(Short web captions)

++++++++++

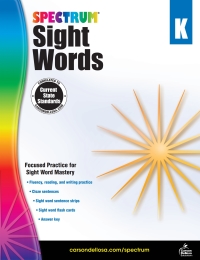 Cover image: Spectrum Sight Words, Grade K 9781483811888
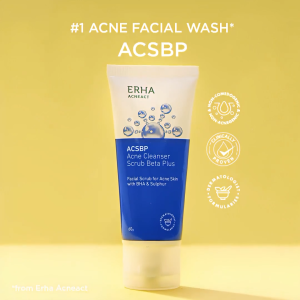 ERHA Acneact Acne Cleanser Scrub Beta Plus ACSBP 60gr - Sabun Cuci Muka Jerawat Facial Wash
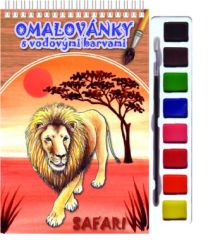 AKIM omalovánky A5 s barvami Safari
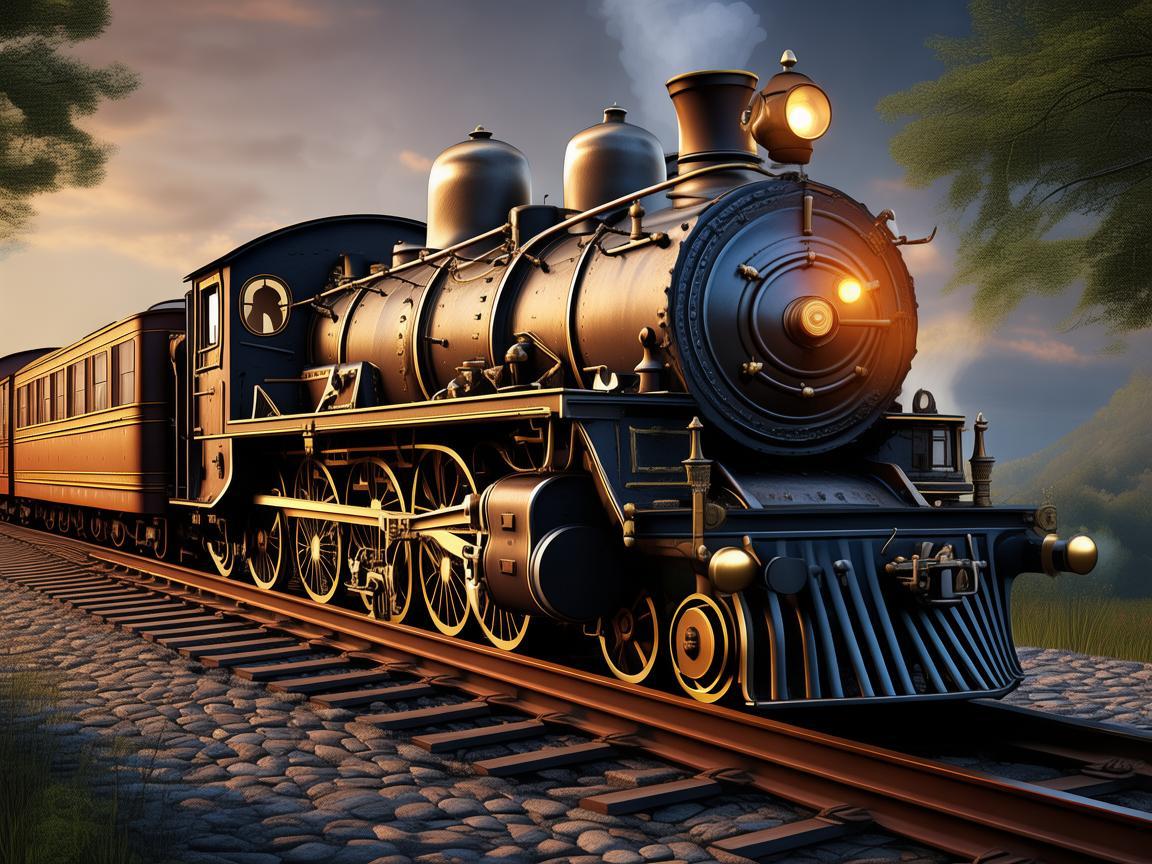 奏响复古式火车的旋律乐章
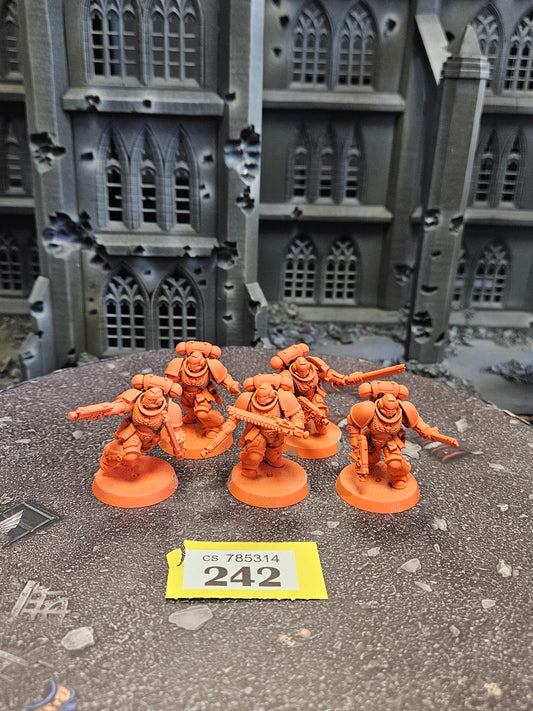 * 5x Primaris Assault Intercessors #242 Space Marines Warhammer 40k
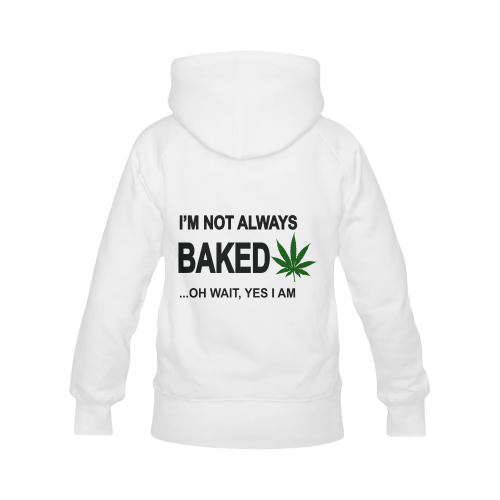 I'm not always baked oh wait yes I am Men's Classic Hoodies (Model H10)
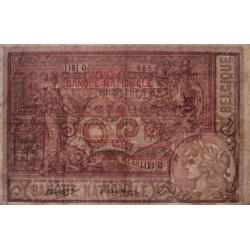 Belgique - Pick 62d - 20 francs - 25/10/1907 - Etat : TTB+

++++++++++

The task: Your reply must hold only the lines from the line containing "I'm not always" through the end of the records above, written out exactly, both ends included, with no pictures, please.

Exercise solution:
 I'm not always baked oh wait yes I am Men's Classic Hoodies (Model H10)
 Belgique - Pick 62d - 20 francs - 25/10/1907 - Etat : TTB+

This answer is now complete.